A Primer on Simulation Design

Author

Patrick Breheny

Published

February 10, 2025

This is an introduction to how to write and organize a simulation study. It is intended for students who have limited experience carrying out such studies before. However, it may also prove valuable to students who have carried out many simulation studies, but struggle to organize them well. The focus here is almost entirely on the organization. The science of designing a good simulation study is obviously also very important, but is a large topic; some links where you can read further about this are given at the end.

To download the source code so that you can run (and modify) this simulation yourself, visit the GitHub repsoitory.

Principles

There are three important principles to keep in mind as you write simulation code:

The results should be tidy and complete
The code that implements the simulation should be simple, modular, and readable
The code that runs the simulation should be separate from the code that presents the simulation results

We will now discuss these principles in detail, then describe the general structure of a simulation study.

Tidy and complete

As with many programming tasks, it helps to start at the end: what should the finished product look like?

There is a strong argument to be made that the results should be “tidy”, meaning organized into a simple data frame of rows and columns.
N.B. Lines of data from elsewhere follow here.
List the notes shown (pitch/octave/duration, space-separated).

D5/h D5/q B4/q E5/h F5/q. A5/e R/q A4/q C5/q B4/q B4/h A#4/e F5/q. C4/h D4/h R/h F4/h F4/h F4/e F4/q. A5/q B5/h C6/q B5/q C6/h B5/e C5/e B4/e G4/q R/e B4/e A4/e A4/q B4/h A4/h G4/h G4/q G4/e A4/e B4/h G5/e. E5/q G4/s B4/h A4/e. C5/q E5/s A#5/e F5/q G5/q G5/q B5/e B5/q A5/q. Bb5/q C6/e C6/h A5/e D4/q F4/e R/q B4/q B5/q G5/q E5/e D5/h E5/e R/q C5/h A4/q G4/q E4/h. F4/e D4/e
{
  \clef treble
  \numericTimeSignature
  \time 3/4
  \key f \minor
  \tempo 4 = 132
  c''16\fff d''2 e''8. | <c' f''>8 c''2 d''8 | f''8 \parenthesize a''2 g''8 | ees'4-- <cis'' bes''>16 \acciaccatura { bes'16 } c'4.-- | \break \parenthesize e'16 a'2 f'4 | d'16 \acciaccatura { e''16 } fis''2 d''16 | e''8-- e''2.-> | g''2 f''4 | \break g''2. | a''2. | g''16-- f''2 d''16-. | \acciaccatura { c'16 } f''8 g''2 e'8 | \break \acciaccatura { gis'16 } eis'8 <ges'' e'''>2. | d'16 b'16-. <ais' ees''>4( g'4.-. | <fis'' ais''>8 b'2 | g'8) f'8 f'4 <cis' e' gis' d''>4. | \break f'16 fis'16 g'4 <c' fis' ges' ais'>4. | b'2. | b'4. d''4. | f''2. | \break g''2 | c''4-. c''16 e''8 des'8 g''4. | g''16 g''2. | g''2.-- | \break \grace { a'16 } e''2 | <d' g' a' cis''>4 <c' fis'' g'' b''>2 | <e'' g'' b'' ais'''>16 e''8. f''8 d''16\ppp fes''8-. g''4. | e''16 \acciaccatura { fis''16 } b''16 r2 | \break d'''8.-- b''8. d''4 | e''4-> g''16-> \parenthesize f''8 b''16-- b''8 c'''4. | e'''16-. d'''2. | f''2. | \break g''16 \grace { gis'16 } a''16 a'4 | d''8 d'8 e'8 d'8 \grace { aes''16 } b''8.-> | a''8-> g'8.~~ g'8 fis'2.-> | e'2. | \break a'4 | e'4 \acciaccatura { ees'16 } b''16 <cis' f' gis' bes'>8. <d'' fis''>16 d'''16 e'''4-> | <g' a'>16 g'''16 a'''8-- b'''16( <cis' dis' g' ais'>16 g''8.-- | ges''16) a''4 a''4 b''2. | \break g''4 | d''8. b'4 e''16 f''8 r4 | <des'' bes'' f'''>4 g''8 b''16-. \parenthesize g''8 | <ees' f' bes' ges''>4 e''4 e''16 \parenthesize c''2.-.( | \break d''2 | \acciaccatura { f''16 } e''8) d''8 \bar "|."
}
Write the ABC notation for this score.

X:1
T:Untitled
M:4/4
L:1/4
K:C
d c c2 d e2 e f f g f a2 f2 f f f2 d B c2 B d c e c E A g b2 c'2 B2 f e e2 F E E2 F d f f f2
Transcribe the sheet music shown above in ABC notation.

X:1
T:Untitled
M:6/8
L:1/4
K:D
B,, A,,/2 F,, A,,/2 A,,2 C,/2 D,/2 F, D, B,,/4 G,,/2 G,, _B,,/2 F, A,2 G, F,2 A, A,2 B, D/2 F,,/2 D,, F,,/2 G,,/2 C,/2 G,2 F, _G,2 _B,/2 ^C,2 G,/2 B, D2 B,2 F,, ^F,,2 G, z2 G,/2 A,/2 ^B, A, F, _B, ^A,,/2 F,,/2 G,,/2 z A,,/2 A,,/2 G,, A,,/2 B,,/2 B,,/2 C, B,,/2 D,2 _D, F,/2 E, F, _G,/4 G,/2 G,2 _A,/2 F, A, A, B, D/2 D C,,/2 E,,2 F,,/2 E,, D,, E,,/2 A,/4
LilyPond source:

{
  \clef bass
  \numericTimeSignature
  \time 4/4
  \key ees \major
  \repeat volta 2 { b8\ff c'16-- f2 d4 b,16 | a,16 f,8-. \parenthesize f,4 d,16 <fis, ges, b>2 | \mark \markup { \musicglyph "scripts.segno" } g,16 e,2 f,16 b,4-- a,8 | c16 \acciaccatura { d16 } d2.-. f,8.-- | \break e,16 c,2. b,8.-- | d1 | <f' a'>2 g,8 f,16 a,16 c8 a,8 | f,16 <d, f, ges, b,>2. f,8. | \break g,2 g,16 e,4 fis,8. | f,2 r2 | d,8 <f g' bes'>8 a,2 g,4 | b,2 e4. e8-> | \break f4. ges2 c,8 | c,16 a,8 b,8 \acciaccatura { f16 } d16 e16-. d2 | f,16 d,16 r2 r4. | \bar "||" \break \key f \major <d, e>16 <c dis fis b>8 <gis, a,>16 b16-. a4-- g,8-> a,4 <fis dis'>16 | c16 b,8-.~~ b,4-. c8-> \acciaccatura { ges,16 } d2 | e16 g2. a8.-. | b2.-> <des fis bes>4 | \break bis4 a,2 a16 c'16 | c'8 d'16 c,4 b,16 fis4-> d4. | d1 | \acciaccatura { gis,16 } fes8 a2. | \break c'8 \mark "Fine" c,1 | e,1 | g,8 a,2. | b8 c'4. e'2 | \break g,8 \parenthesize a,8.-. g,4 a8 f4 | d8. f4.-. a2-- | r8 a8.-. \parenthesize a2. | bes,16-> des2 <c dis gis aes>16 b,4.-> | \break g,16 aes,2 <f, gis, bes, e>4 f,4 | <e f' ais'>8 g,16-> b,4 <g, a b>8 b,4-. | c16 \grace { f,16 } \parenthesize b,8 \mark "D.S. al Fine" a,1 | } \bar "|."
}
More complicated structures are certainly possible (lists, arrays, etc.); indeed, I used to store results in these formats. However, experience has taught me that a simple data frame is best, for several reasons:

It is by far the most common way of storing data, so it will never be unfamiliar to you (unlike, say, a complex hierarchical list).
Data frames are easy to merge and combine.
Committing to a hierarchical structure makes it hard to modify the simulation; if you change the parameters, will the entire structure change? This is not desirable.
Because they are so common, many powerful tools work well with data frames, such as the data manipulation packages data.table and dplyr and the graphics package ggplot2. You will likely want to get your simulation results into a data frame eventually anyway in order to summarize and plot them, so why not just store them like this in the first place?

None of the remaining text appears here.